#### Supplied entries:
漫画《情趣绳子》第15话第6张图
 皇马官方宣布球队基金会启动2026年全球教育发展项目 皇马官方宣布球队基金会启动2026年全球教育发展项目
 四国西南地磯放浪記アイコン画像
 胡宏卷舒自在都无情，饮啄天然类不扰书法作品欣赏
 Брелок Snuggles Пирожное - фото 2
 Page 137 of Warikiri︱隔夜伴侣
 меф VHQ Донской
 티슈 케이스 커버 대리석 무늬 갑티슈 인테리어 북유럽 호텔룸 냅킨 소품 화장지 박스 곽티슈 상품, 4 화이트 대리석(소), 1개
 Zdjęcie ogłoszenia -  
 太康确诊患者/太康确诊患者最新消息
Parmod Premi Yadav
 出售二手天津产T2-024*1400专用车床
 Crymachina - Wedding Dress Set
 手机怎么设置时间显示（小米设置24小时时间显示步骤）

#### About this task:
The answer should consist only of the lines from the line containing "太康确诊患者/太康确诊患者最新消息" through the final line of the listing above, reproduced exactly.

#### Completed exercise:
 太康确诊患者/太康确诊患者最新消息
Parmod Premi Yadav
 出售二手天津产T2-024*1400专用车床
 Crymachina - Wedding Dress Set
 手机怎么设置时间显示（小米设置24小时时间显示步骤）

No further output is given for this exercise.